Stored data
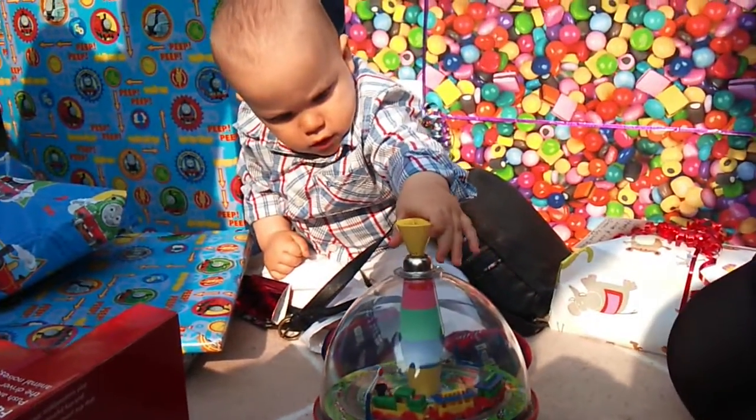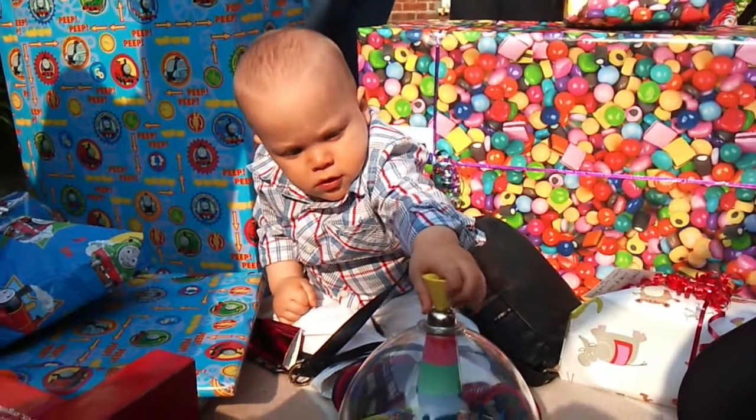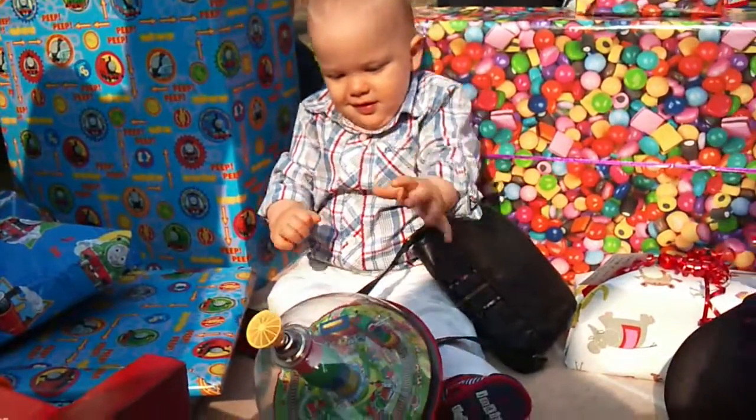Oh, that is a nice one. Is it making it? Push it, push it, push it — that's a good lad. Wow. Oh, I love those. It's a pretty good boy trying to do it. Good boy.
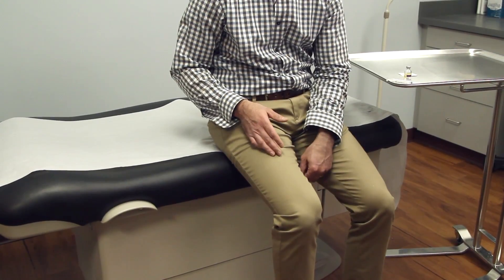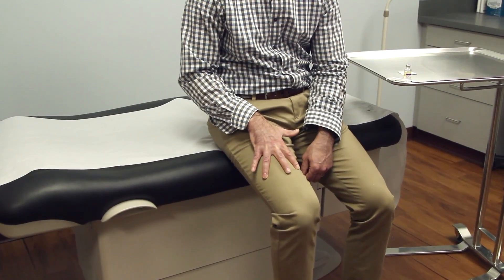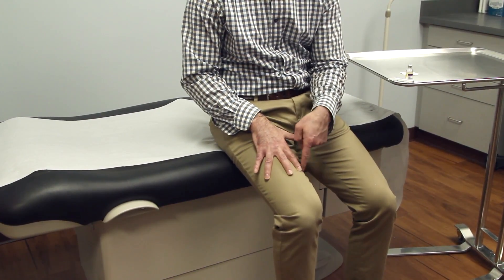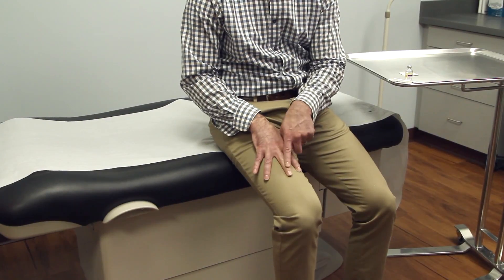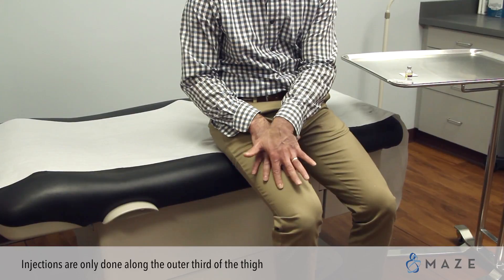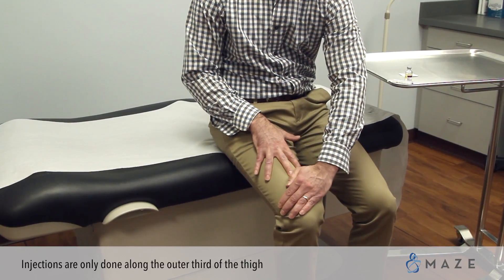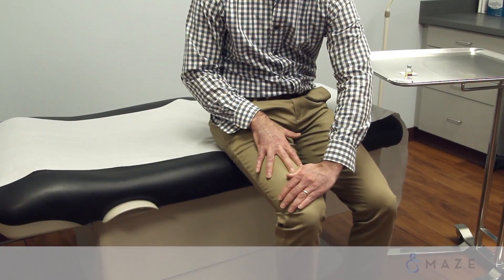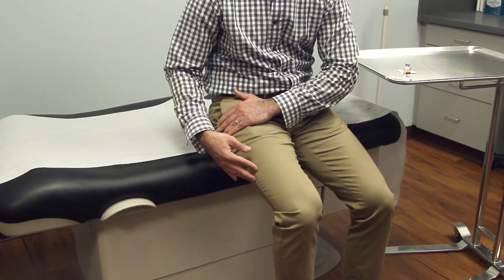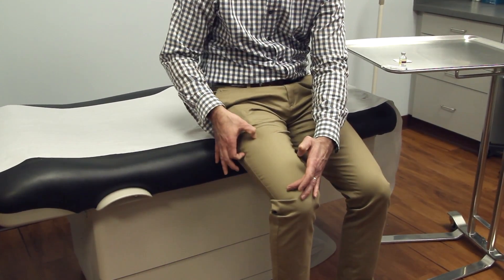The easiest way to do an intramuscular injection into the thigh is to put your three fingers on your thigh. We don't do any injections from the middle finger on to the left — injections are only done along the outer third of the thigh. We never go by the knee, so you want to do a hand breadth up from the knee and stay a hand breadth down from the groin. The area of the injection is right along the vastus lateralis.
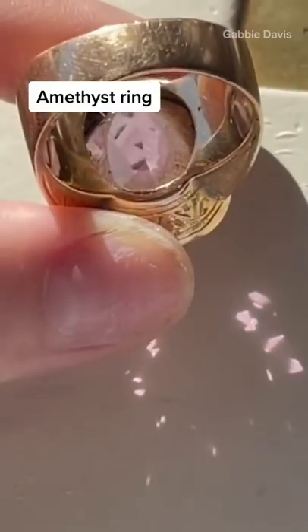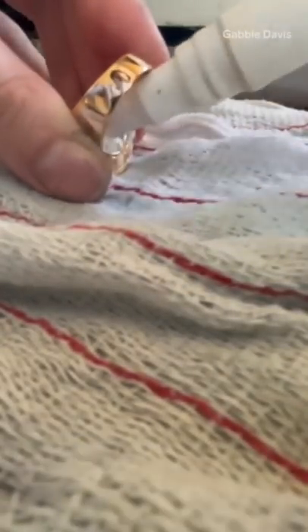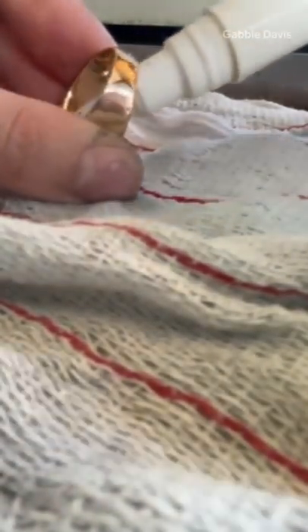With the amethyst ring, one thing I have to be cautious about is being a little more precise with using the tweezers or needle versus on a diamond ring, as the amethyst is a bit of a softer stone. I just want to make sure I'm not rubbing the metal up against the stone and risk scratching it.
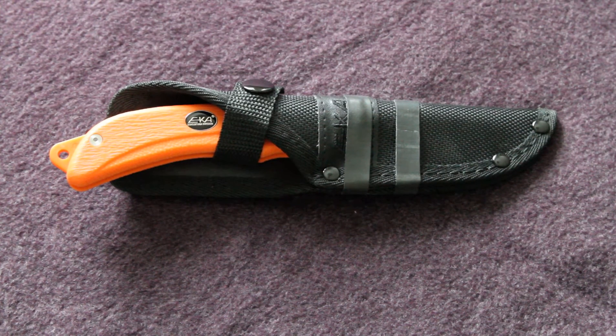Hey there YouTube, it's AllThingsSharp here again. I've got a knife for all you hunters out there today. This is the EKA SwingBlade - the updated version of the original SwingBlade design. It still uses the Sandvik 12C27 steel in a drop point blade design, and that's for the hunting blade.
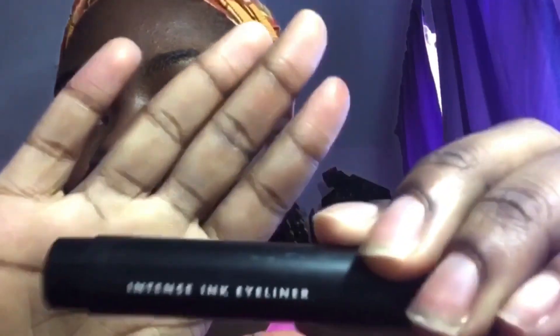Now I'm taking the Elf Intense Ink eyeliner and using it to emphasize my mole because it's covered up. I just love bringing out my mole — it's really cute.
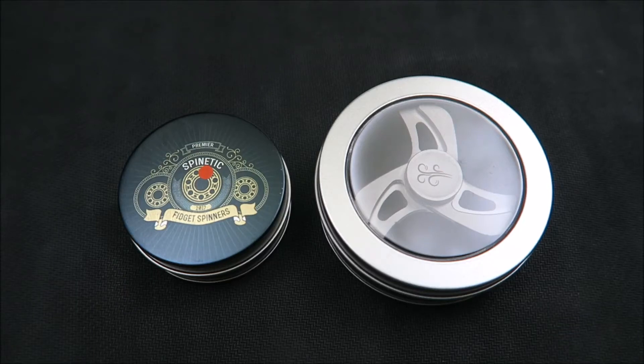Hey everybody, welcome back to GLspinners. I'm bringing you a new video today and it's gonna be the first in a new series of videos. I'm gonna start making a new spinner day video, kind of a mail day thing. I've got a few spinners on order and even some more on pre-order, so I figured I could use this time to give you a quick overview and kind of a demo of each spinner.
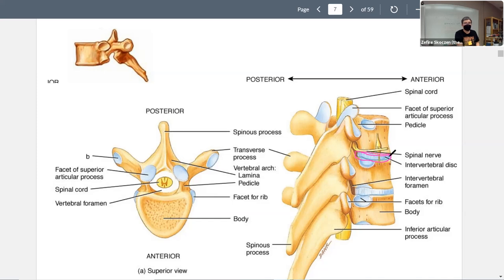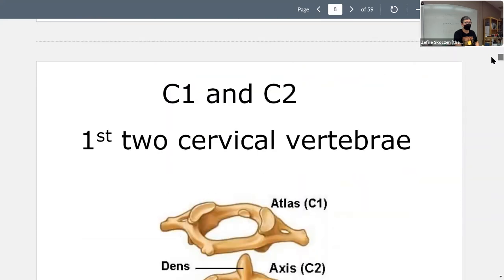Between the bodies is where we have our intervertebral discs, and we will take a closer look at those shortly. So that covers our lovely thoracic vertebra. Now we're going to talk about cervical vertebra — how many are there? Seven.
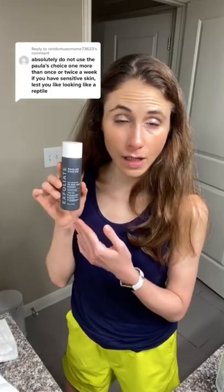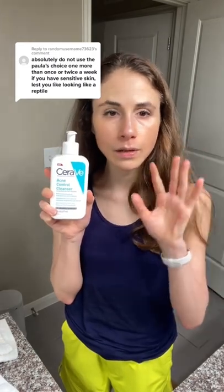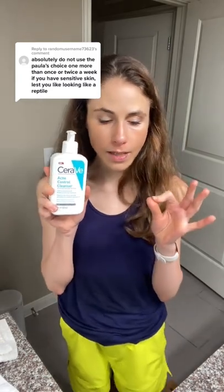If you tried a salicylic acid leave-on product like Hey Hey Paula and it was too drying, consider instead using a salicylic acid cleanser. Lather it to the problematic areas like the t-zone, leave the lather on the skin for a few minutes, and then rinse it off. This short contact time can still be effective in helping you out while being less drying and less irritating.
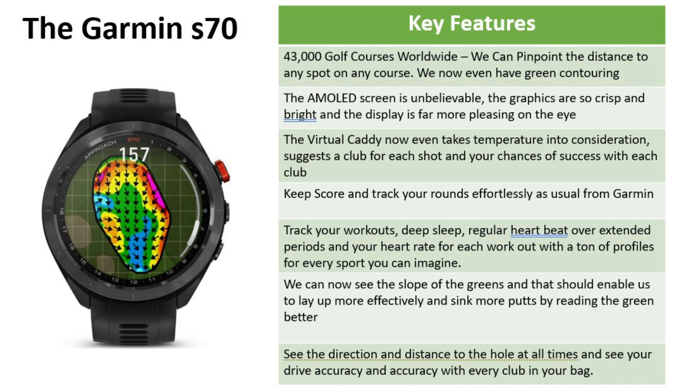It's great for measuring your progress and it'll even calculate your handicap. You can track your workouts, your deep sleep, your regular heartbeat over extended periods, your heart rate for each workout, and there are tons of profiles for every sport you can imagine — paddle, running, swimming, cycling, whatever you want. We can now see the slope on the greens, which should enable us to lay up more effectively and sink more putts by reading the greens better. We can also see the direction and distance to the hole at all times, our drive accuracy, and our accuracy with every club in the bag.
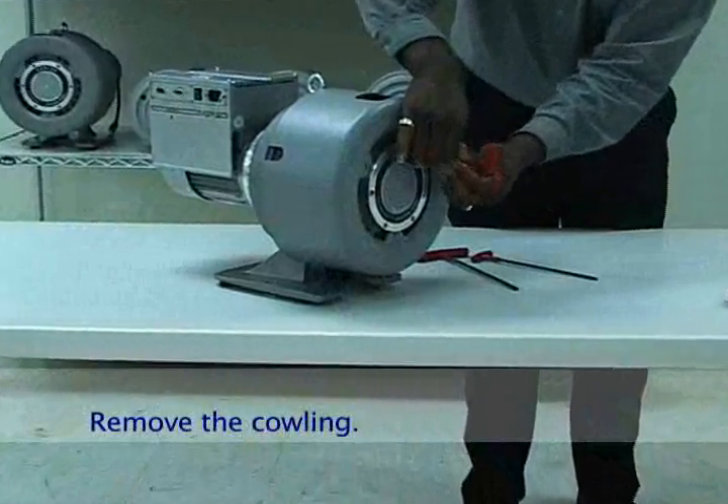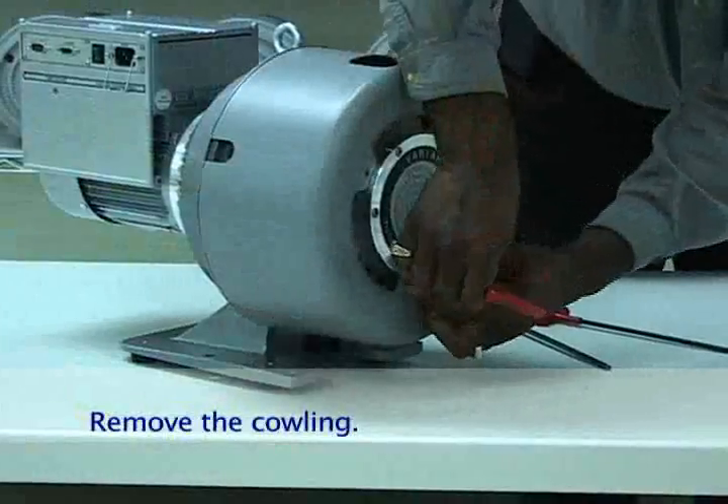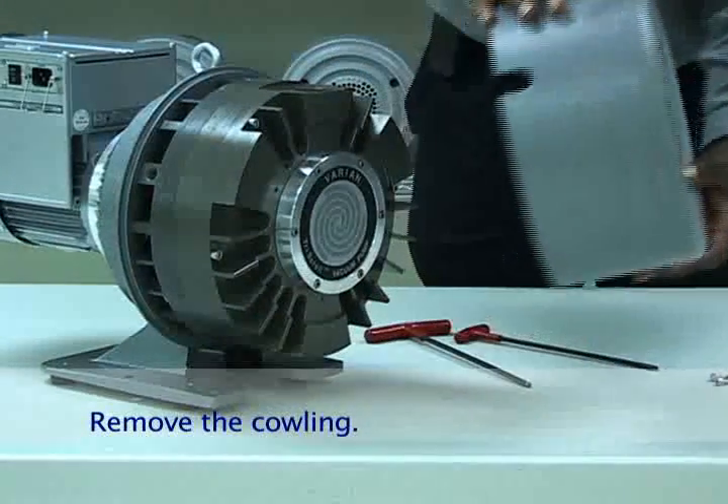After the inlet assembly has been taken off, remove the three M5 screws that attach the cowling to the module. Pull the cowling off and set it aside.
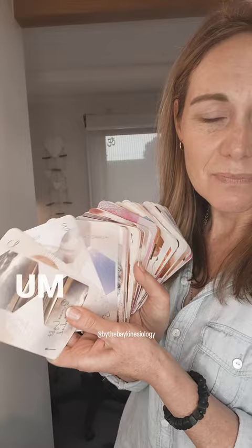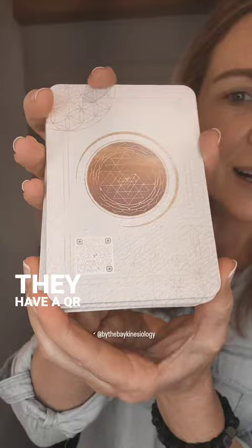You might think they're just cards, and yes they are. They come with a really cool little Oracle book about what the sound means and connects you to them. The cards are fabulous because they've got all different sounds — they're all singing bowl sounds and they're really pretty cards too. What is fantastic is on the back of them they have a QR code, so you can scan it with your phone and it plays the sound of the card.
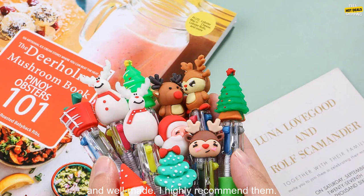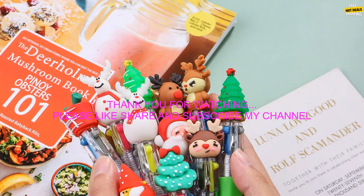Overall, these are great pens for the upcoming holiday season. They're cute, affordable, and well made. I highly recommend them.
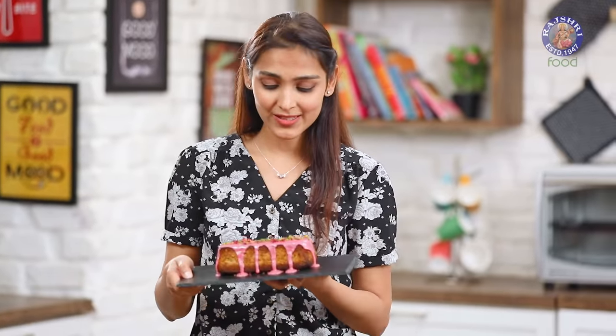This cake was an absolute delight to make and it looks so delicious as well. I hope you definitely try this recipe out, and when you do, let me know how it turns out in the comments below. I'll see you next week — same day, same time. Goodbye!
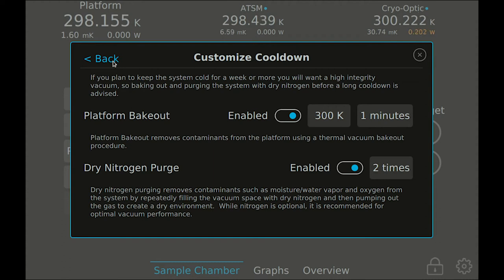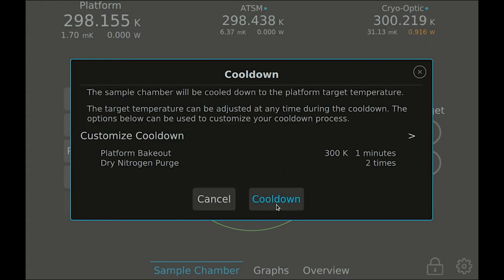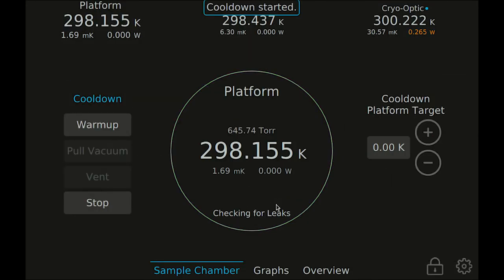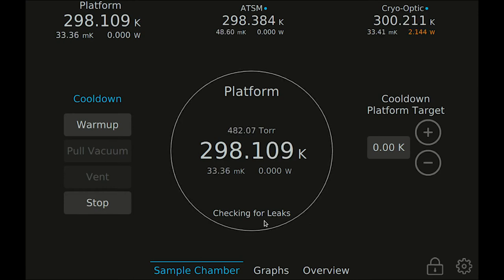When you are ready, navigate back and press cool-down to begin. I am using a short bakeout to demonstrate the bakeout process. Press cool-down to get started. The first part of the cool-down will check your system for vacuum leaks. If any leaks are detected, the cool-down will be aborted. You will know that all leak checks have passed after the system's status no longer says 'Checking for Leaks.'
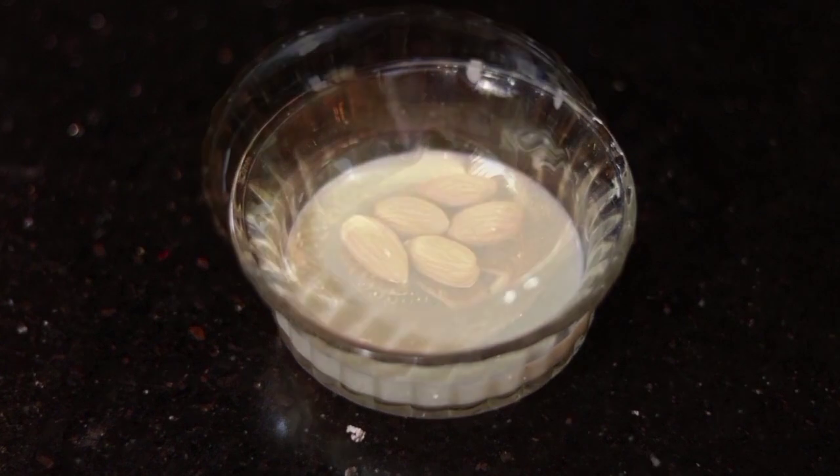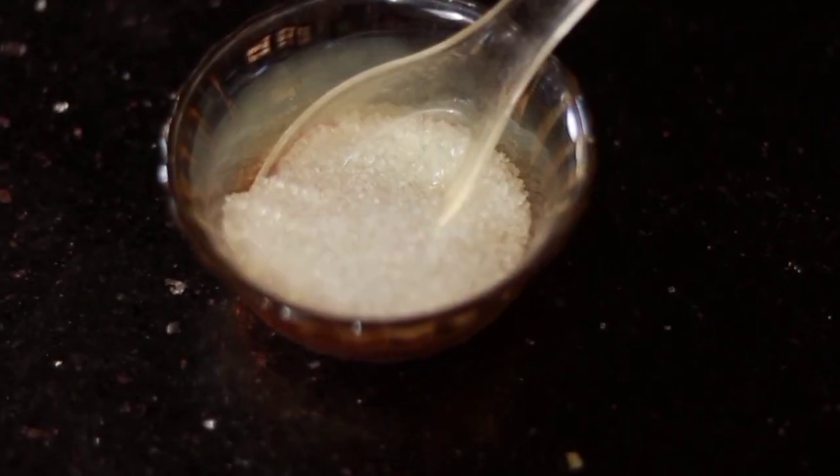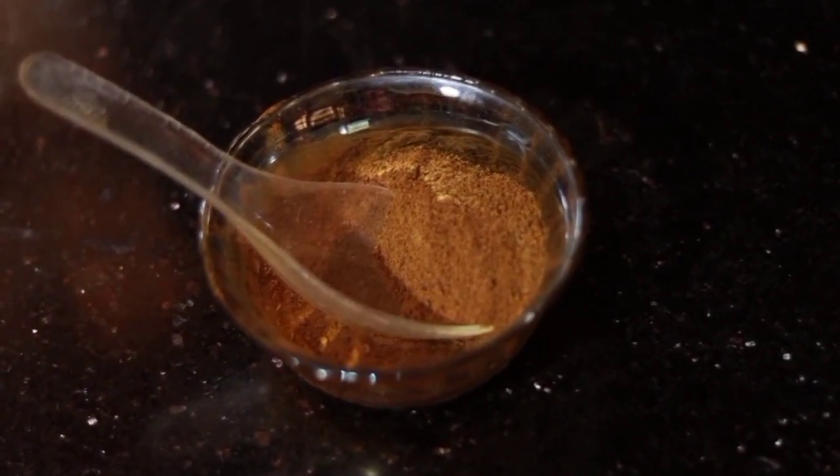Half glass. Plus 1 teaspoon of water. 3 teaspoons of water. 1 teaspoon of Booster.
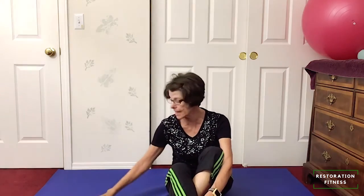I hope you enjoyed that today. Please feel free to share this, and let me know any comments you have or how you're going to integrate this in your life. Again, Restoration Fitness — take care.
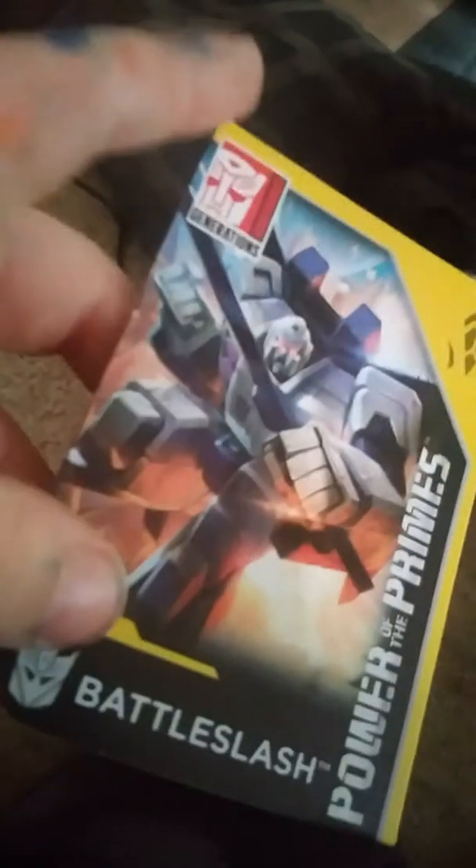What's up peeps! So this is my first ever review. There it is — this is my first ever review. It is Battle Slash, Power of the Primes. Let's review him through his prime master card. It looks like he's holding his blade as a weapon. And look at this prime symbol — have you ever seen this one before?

» What the task asks
Going by the data above, give back only the lines from the one containing "You might think" through the one containing "This cake was", exactly as they stand, both ends included and no images.

» Output for this exercise
You might think they're just cards, and yes they are. They come with a really cool little Oracle book about what the sound means and connects you to them. The cards are fabulous because they've got all different sounds — they're all singing bowl sounds and they're really pretty cards too. What is fantastic is on the back of them they have a QR code, so you can scan it with your phone and it plays the sound of the card.
Overall, these are great pens for the upcoming holiday season. They're cute, affordable, and well made. I highly recommend them.
This cake was an absolute delight to make and it looks so delicious as well. I hope you definitely try this recipe out, and when you do, let me know how it turns out in the comments below. I'll see you next week — same day, same time. Goodbye!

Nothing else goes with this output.